- Task statement -
For any picture in the lines below, please leave it out and copy the rest exactly.

- Material for this exercise -
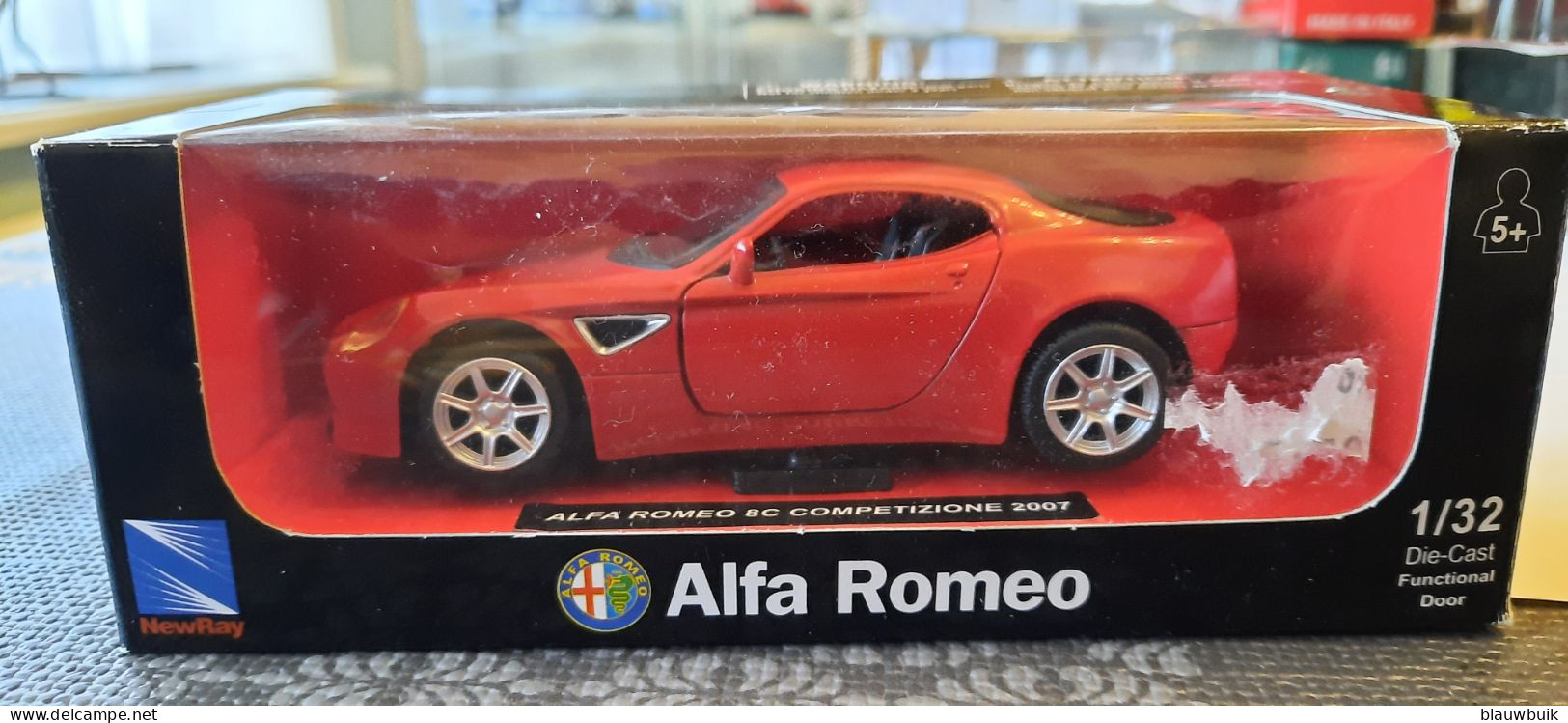 New Ray Alfa Romeo 8C COMPETIZIONE 2006 1/32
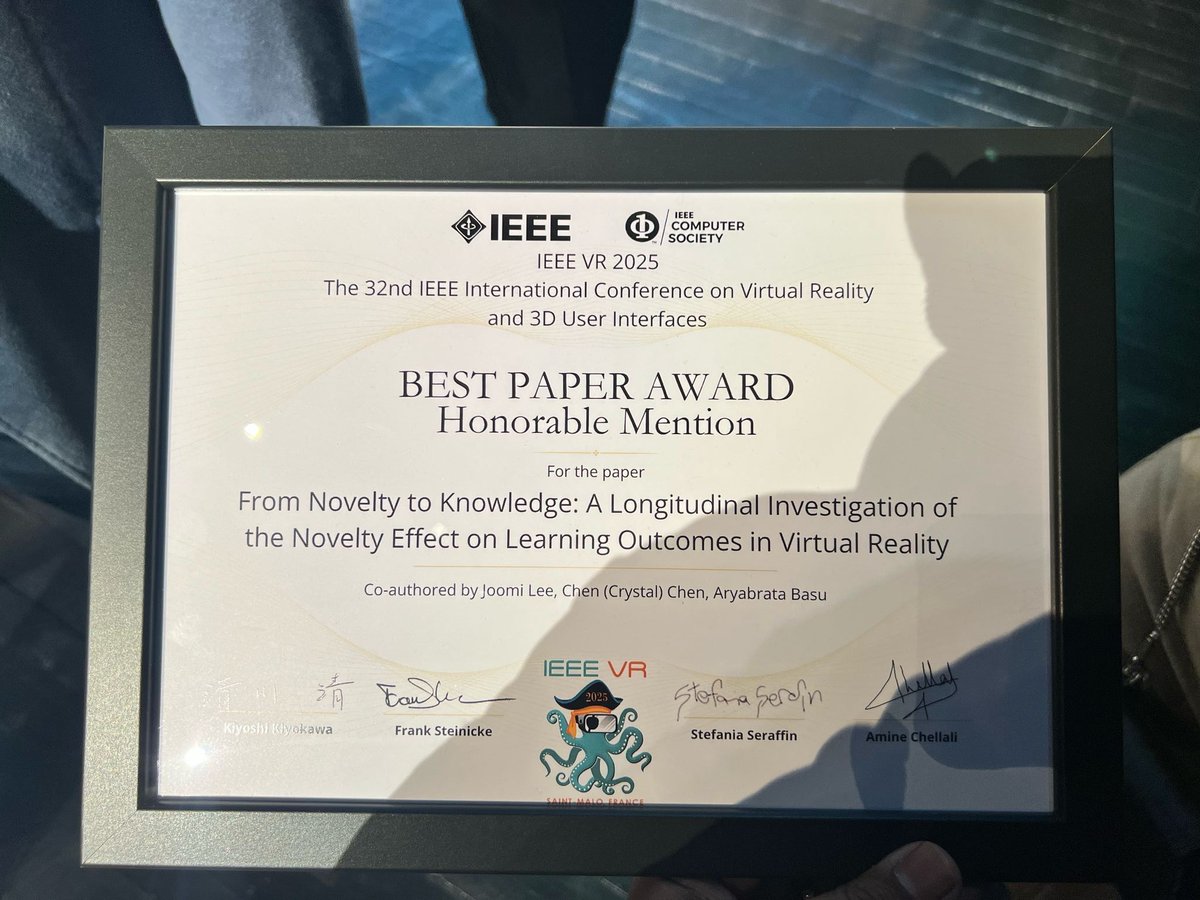 Chen (Crystal) Chen tweet media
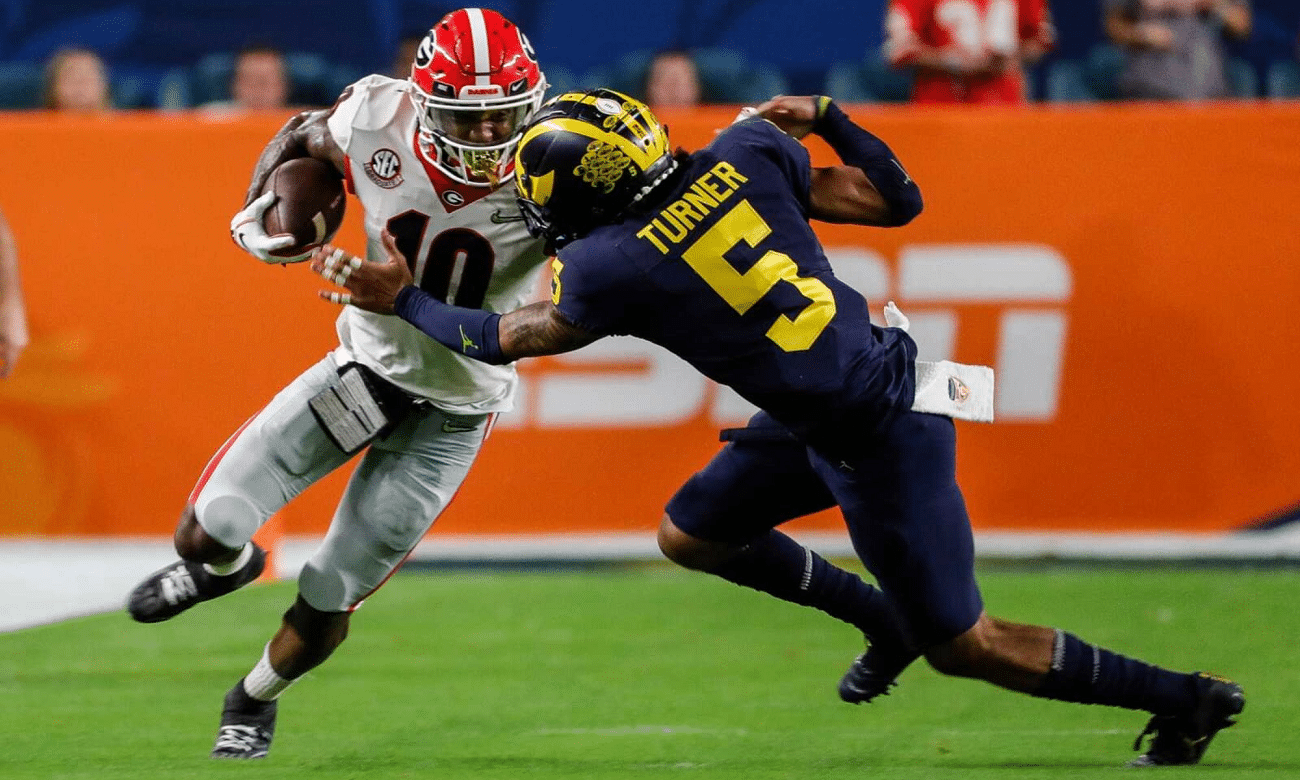 College Football Playoff: Apple negocia direitos de transmissão para 2026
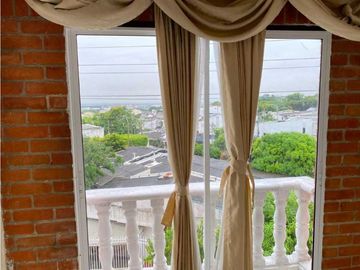 SE VENDE COMODO APARTAMENTO EN VILLA CAROLINA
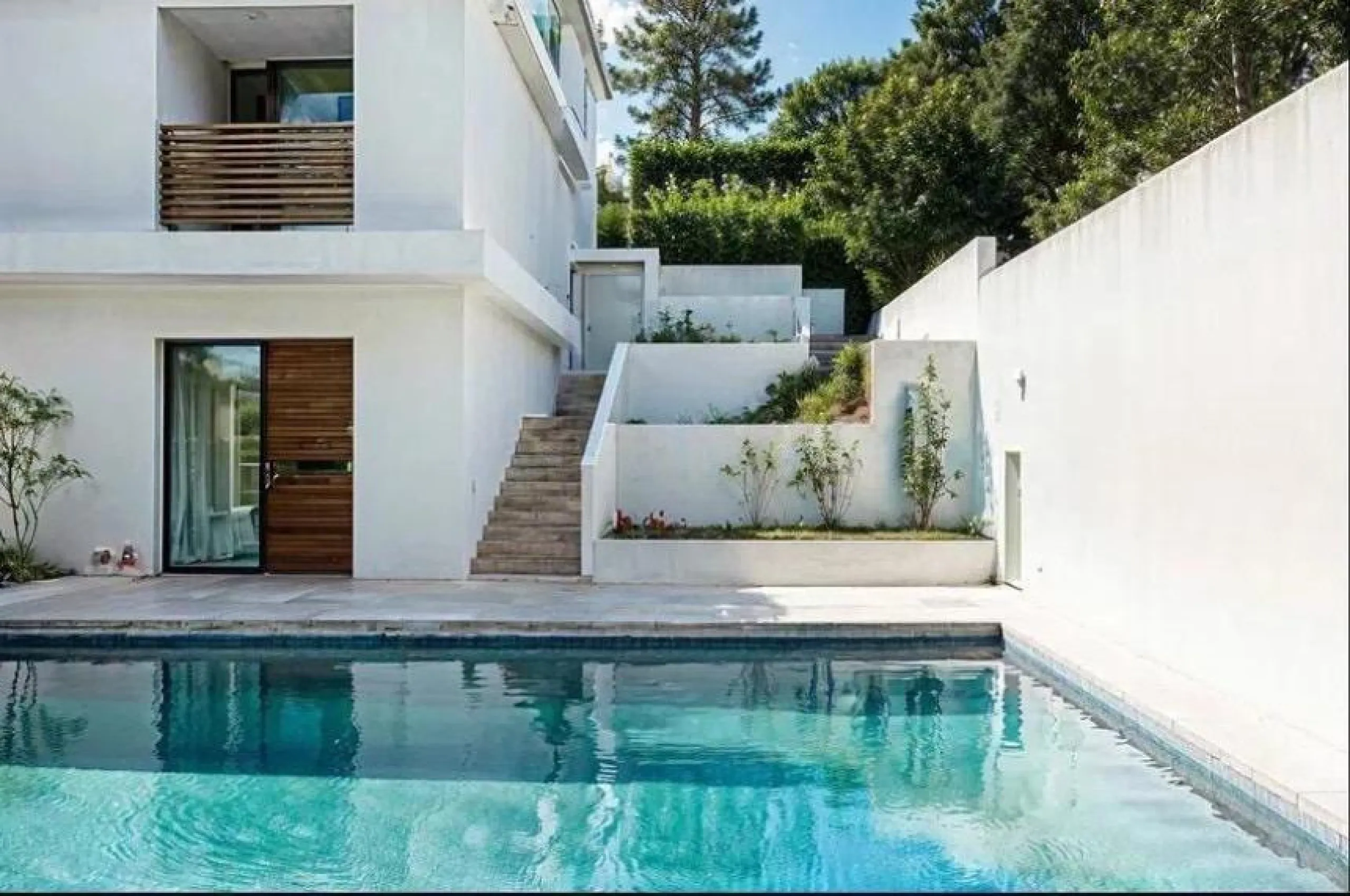 Discover this impressive villa located in the coveted area of La Malagueta - Monte Sancha, just a few minutes away from from the sea. With a spacious 600 m2 plot and unobstructed views of the El Limonar Valley and the mountains, this property is ideal for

- Completed exercise -
 New Ray Alfa Romeo 8C COMPETIZIONE 2006 1/32
 Chen (Crystal) Chen tweet media
 College Football Playoff: Apple negocia direitos de transmissão para 2026
 SE VENDE COMODO APARTAMENTO EN VILLA CAROLINA
 Discover this impressive villa located in the coveted area of La Malagueta - Monte Sancha, just a few minutes away from from the sea. With a spacious 600 m2 plot and unobstructed views of the El Limonar Valley and the mountains, this property is ideal for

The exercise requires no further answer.